Take your list of 5 topics that you wrote about and consider a few things about them:
- Which one did you choose first?
- Which is the most interesting topic to you, now that you have written about it a little?
- Is the most interesting topic the same one you picked first?
- Are there other topics that came to mind as you wrote about these 5?
Sometimes the first thing that pops into our head seems silly or out of context, but can lead to other ideas... Let's see how this process might lead to a more concentrated research inquiry.
- Spend about 15 minutes making a list of questions about your topic that you would like to have answered. This could be as specific or general a question as you want, but it needs to address your topic in a way that you aren't already familiar with it. If you have trouble coming up with questions right away, think about how other people might interact with your topic and what they might ask you about it.
- Share your questions with your neighbor and help each other select one or two questions that "focus" the topic in some way. Try to use questions that allow many possible answers and can lead to new discoveries.

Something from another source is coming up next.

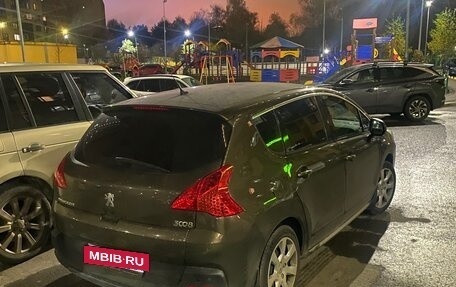 Peugeot 3008 I рестайлинг, 2011 год, 900 000 рублей, 3 фотография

- Using Bell Library databases, search for articles that relate to your question. Try using key words from your questions in your searches and change them up if you aren't having any luck. I will come around and help out where I can.

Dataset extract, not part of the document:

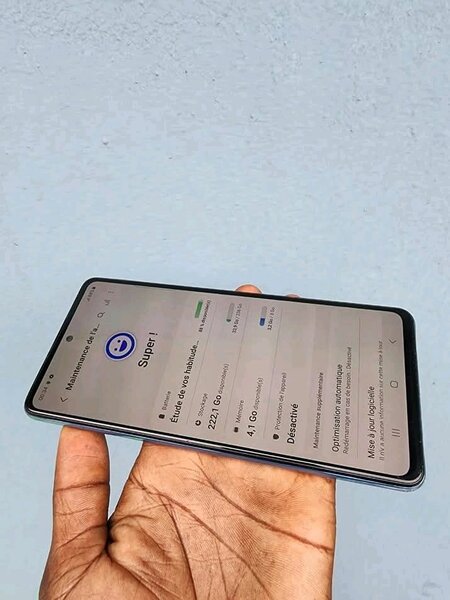 Smartphone Samsung 5G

- Once you have located a few reasonable sources, write down their titles and their call numbers from our periodical shelves. Save them for your homework this weekend!
- Now lets try investigating some books. This is a little more challenging, because oftentimes books contain more information than just the topic we are looking to investigate. This means you may have to do some searching outside the classroom!
- Once you have found a book that may relate to your topic, write down the necessary information and save it with your article info.
- You've got your first leads! Congratulations!
- Did this help you get started in the right direction?
- Was there anything about this process that you found challenging?
- Do you feel comfortable doing more of this on your own, or are you feeling lost about it?
- The sources you found today may or may not end up on your bibliography. Don't feel as though today's exercise is the only way to approach this. We will look at some different ways to research you topic next week, but utilizing the Bell Library's resources is often the most effective use of your tuition money, in terms of research. Think about any questions you have about using the databases or card catalog and bring them with you on Tuesday.
Which leads to...
- Take the sources that you have found today and find them in the library.
- When you search for your book, spend a few extra minutes looking at the books around it on the shelf. Browse through them and look at the table of contents. Do any of them sound like they might benefit your investigation? If so, grab them too!
- Bring at least one source with you on Tuesday and be prepared to discuss why it stood out to you as relevant to your topic.